Alguien chilló al pie de la escalera. El joven mago empezó a clasificar impaciente toda la magia que la gema exhibía con orgullo, dejando a un lado imágenes de hábiles conjuros realizados por elfos con altivas sonrisas, y por fin localizó lo que necesitaba.

Un hechizo de sangre de fuego, capaz de reducir a la nada a un fornido pendenciero. Una pira funeraria sin barcaza podía ser propia de la tradición enana, pero Elminster no tenía tiempo para ocuparse de detalles nimios; un gong de tres campanas había lanzado ya un estridente acorde en el piso inferior.

Un breve resplandor le indicó que los restos de Riluaneth ardían. Echó una ojeada en dirección al tablero de juego y descubrió que había desaparecido: criada, piezas y todo lo demás. Él no era el único en aquella casa capaz de moverse con rapidez.

Sin embargo, podía ser el único humano que jamás hubiera asesinado a un elfo allí. Malditas fueran todas las familias crueles y arrogantes. ¿No podría haberse topado con Ornthalas en este pasillo, y no con más problemas?

Abajo, el fuego se extinguió y la espada tintineó contra el suelo. Ya no debía de quedar nada de Riluaneth aparte de un rastro de humo y cenizas.

Había llegado el momento de desaparecer de allí y dirigirse a otro punto de la enorme mansión. No tardaría en correrse la voz de su participación en la muerte del elfo. Si consiguiera llegar hasta el heredero primero, y entregarle la gema...
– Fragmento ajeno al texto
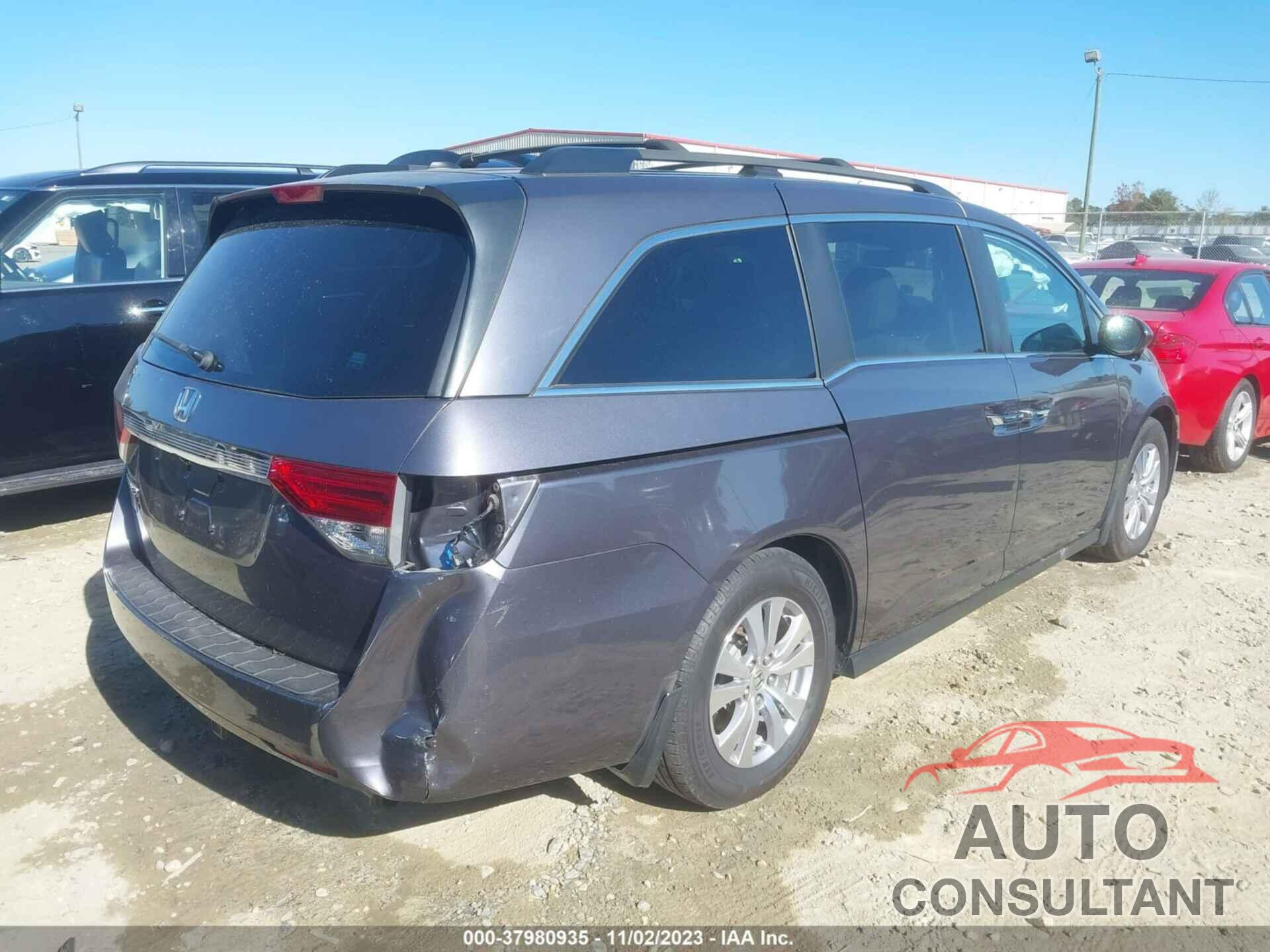 HONDA ODYSSEY 2016 - 5FNRL5H66GB001489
Elminster atravesó la arcada y recorrió el pasillo a toda velocidad, corriendo con una falta tan total de elegancia que habría chocado a más de un elfo, pero que desde luego lo ayudaba a cubrir el terreno con una celeridad que ellos no habrían considerado de buen gusto. Abrió de golpe una puerta y penetró en una sala de techo alto situada al otro lado; la habitación estaba llena de biombos cubiertos de filigranas que se alzaban del suelo al techo, y de atriles con manos animadas en lo alto que le ofrecían libros abiertos conforme pasaba raudo por su lado.